The Case for Hot Pimentón
Smoked paprika transforms a Spanish garlic soup
In today's Dinner Tonight column (the post will be up later this afternoon) I walk through a very simple garlic soup recipe from Mario Batali's Spain: A Culinary Road Trip . It's the kind of a soup I adore, being nothing more than a few cloves of garlic, good chicken stock, and a few pieces of stale bread. The one wild card is hot pimentón, which is a Spanish smoked paprika .
I didn't have any on the shelf, and in my haste, I almost just substituted some regular old paprika to get things moving. But something stopped me this time, and made me seek out a tin of it from Whole Foods.

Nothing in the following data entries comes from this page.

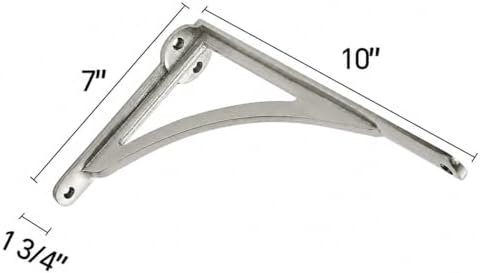 Khtumeware 100% Solid Brass Decorative Shelf Brackets, 10-inch Wall-Mounted Shelving Brackets, 2-Pack Brushed Satin Nick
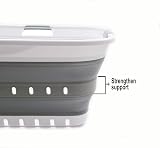 SAMMART 42L Collapsible Laundry Basket Foldable Storage Container White Grey view 6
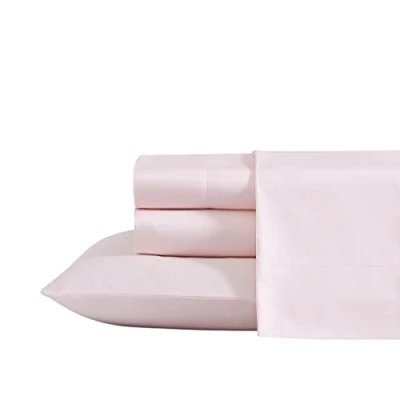 Image of Laura Ashley King Sheet Set, Luxury Sateen Cotton Bedding, 800 Thread Count, Soft &amp; Smooth Home Decor (Solid Pink, King)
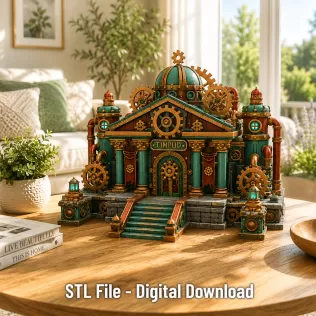 Grand Steampunk Gearworks Castle STL File for 3D Print - Model thumbnail 4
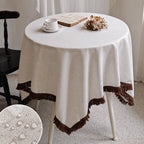 New waterproof polyester linen tablecloth blanket custom design home party tablecloth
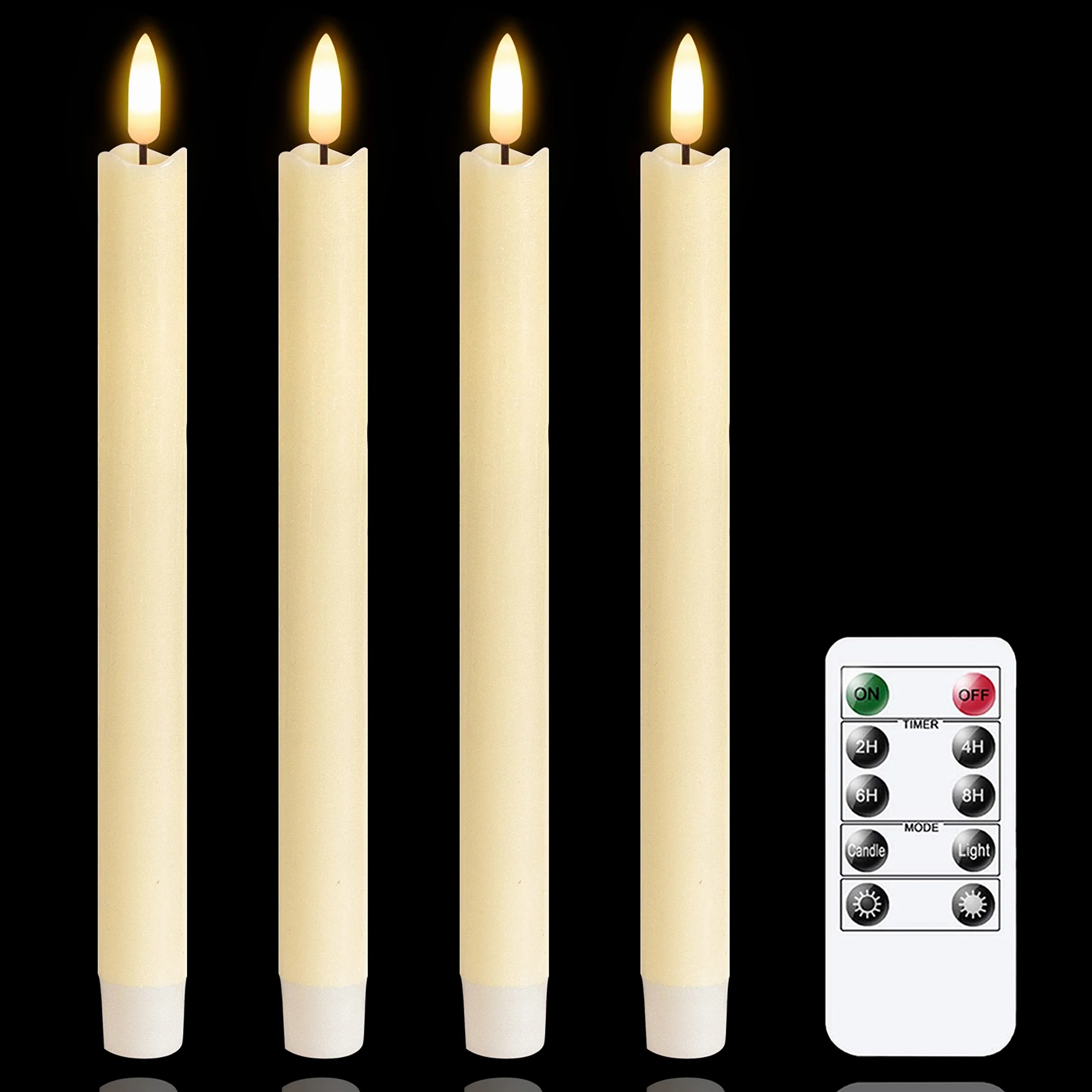 Bougies LED sans flamme avec minuterie, ivoire vacillantes sur piles, lot de 4 en cire véritable 25cm
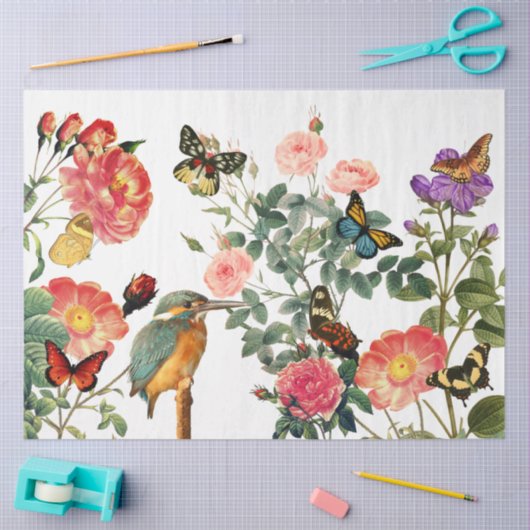  Kingfisher, Flowers Butterflies ontkoppeling Tissuepapier (Craft)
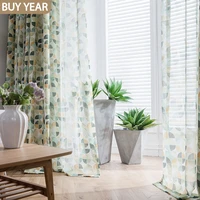 modern minimalist curtains for living dining room bedroom european polyester cotton fabric printing curtains modern tulle custom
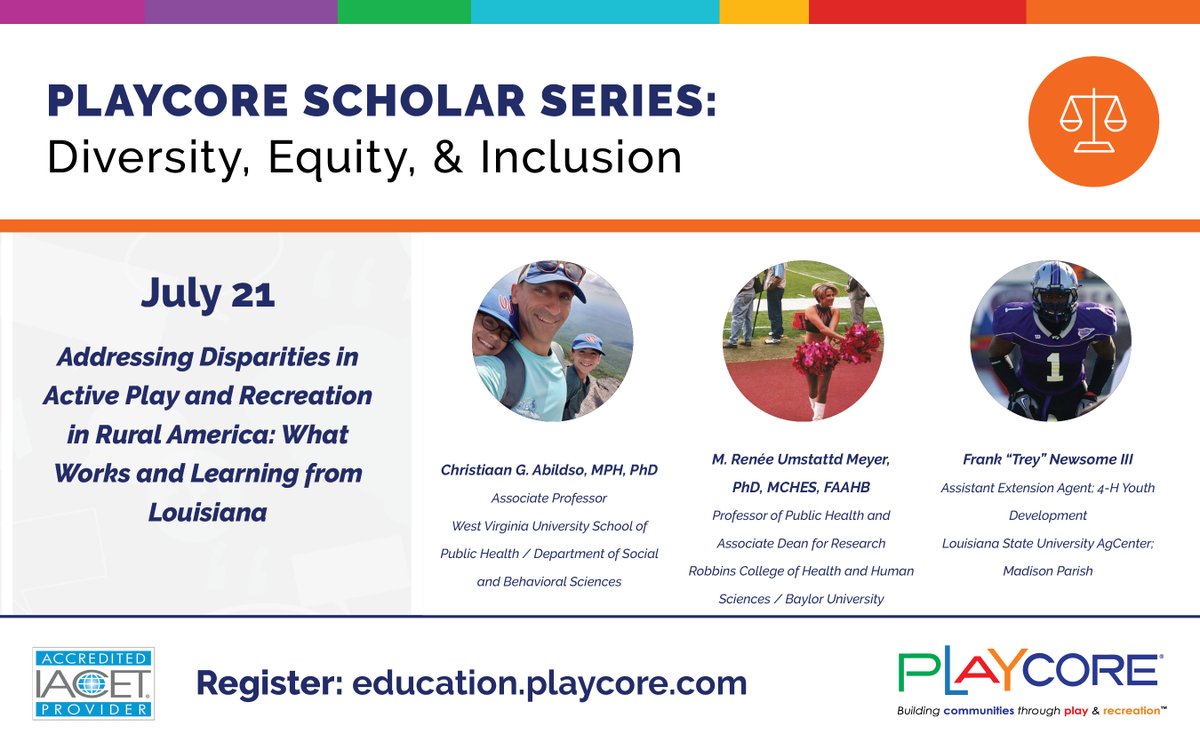 Join us for a webinar focused on how communities address disparities in active play and recreation in rural America.

Use the link below and register using the code "PARK"
tinyurl.com/yc8cwrtd
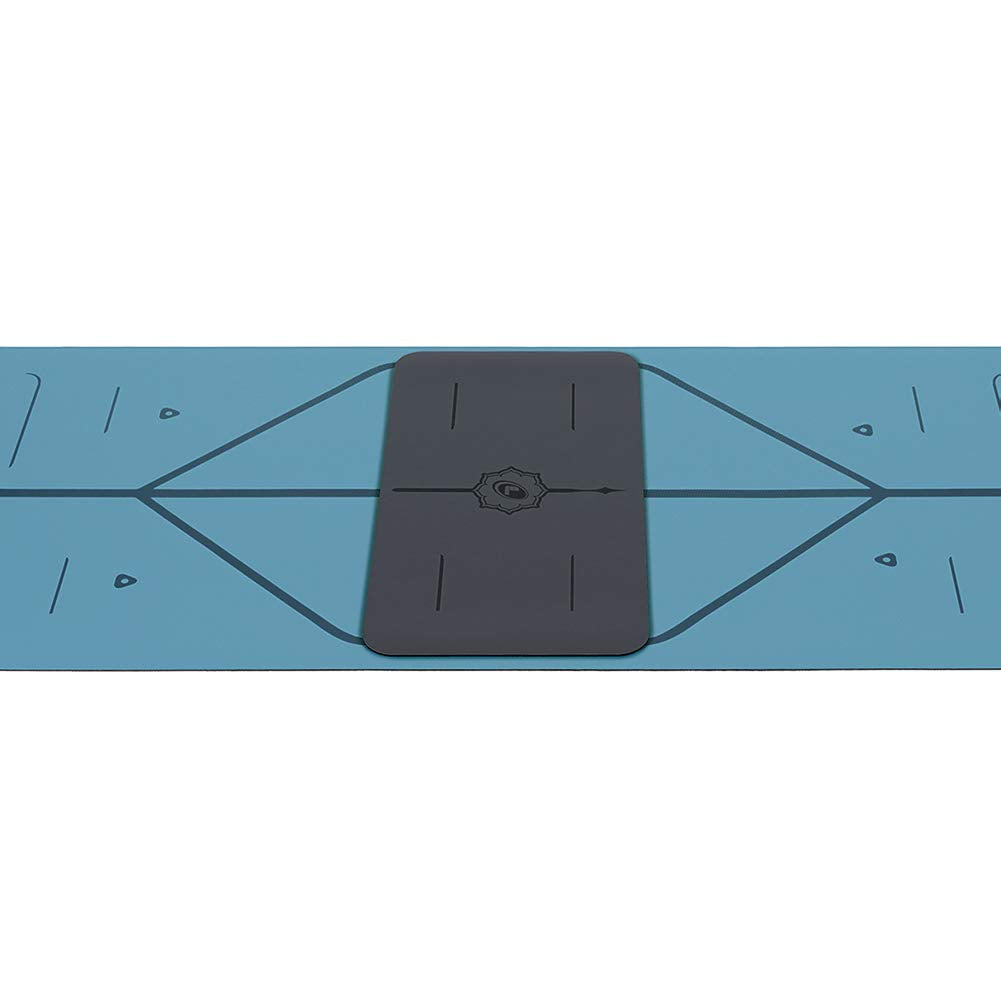 Liforme Yoga Pad - Patented Alignment System, Warrior-like Grip, Non-slip, Eco-friendly, 4.2mm Thick Pad for Knee, Elbow and Hand Support - Free Yoga Bag Included (Gray)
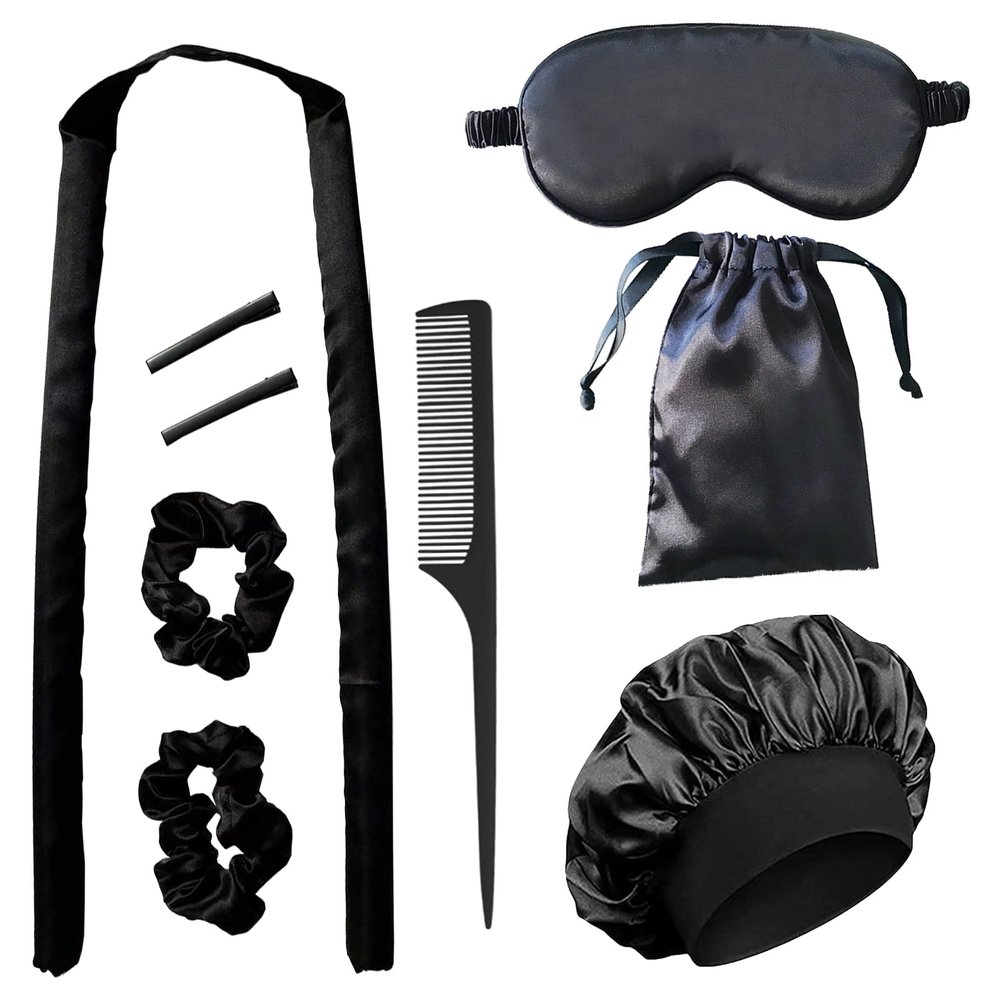 10-Piece Heatless Curling Rod Set with Soft Cap, Eye Mask & Storage Bag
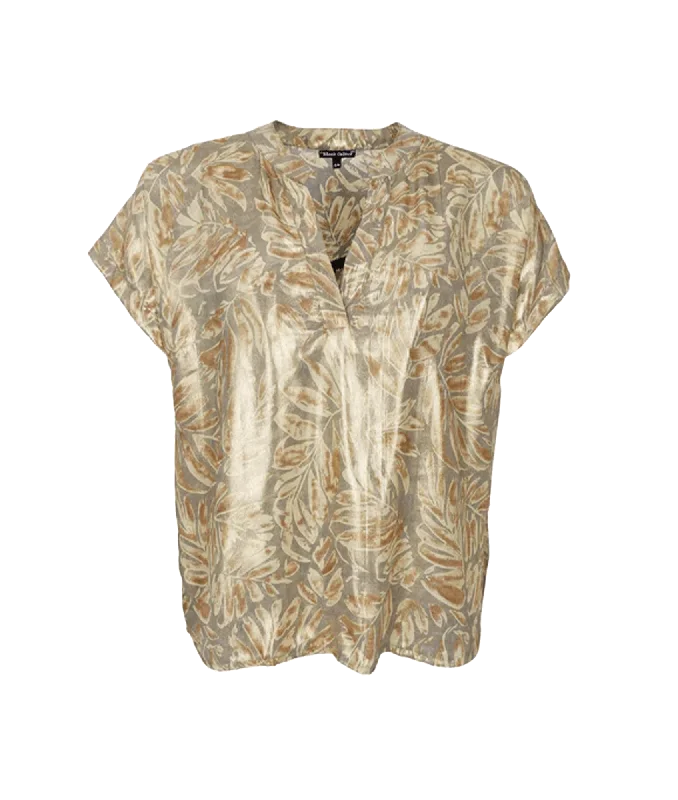 Stock Clearance Luna Andrea S/s Top - Gold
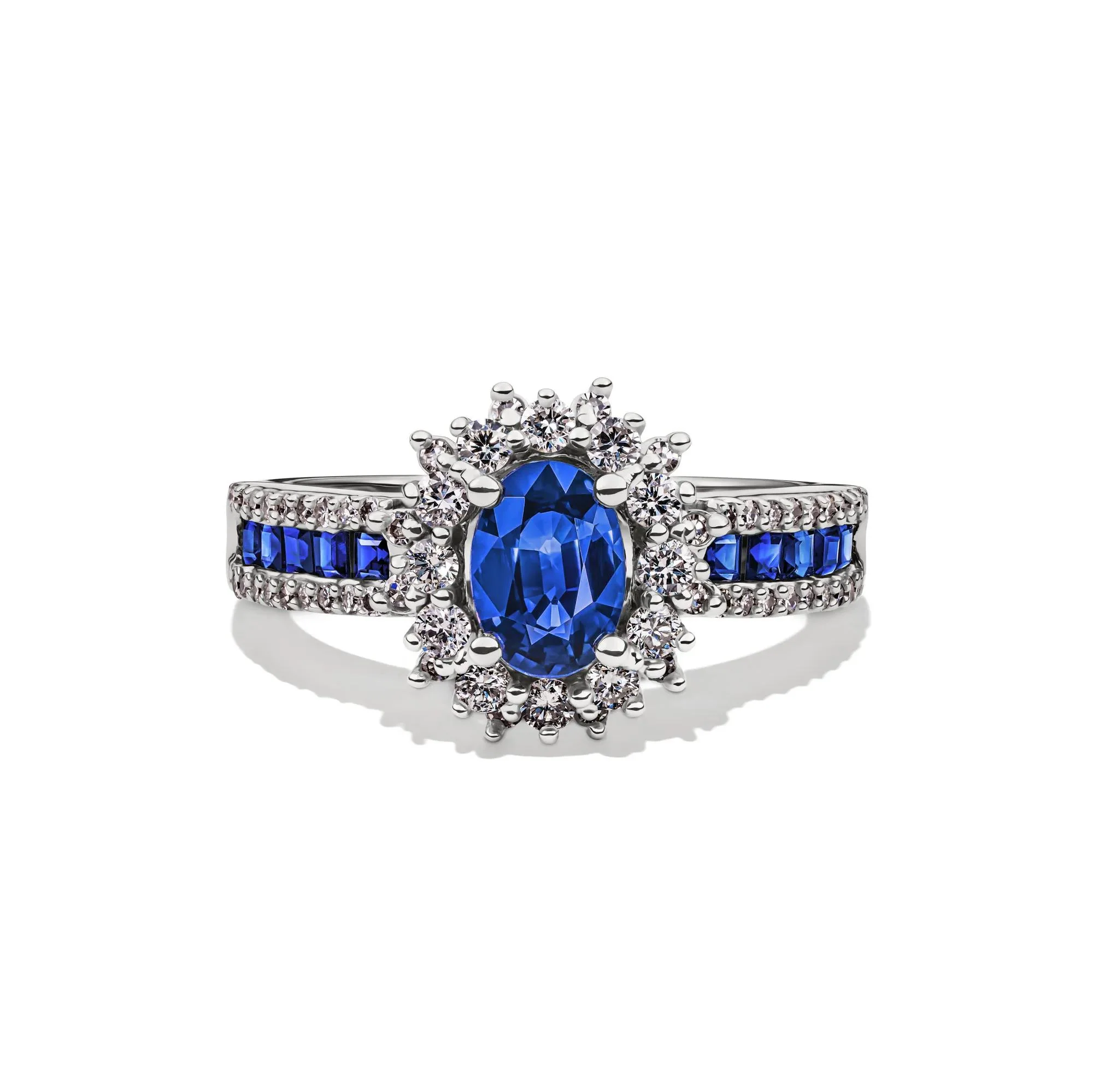 1/2 CT. Tw. Blue Sapphire & Diamond Halo Ring 14K White Gold Size 8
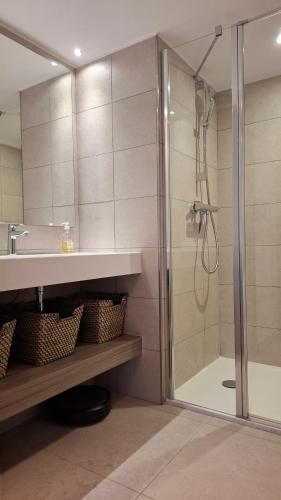 une salle de bain avec un lavabo et une douche dans l'établissement Cannes Centre - Villa Lérins - Cavell Suites - Walking Distance From Palais des Festivals and Beach - Free Parking - Perfect Location For Business And Holliday, à Cannes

For the life of me, I can't tell you what paprika tastes or smells like. I know it's red. I dutifuly have a bottle on the shelf, and use it in all manner of recipes, but I've never actually sought a way to get more paprika in my life. Lately, I've been wondering whether it is just dyed dust. Why else would it taste like nothing?
But hot pimentón, my god. It fills your nostrils with a robust chile aroma, and lingers heavily for minutes afterwards. It's warming and inviting, and just a bit hot. It's like the best chile blend I've ever encountered.
It was put to excellent use in the garlic soup. But I have a hankering to use more of it. I bet it's good just sprinkled on eggs, and in my mind I have jumped ahead to making my own Spanish chorizo. But I'm also looking for some simpler recipes, so I can really start abusing the stuff. Anyone have some ideas to get me started?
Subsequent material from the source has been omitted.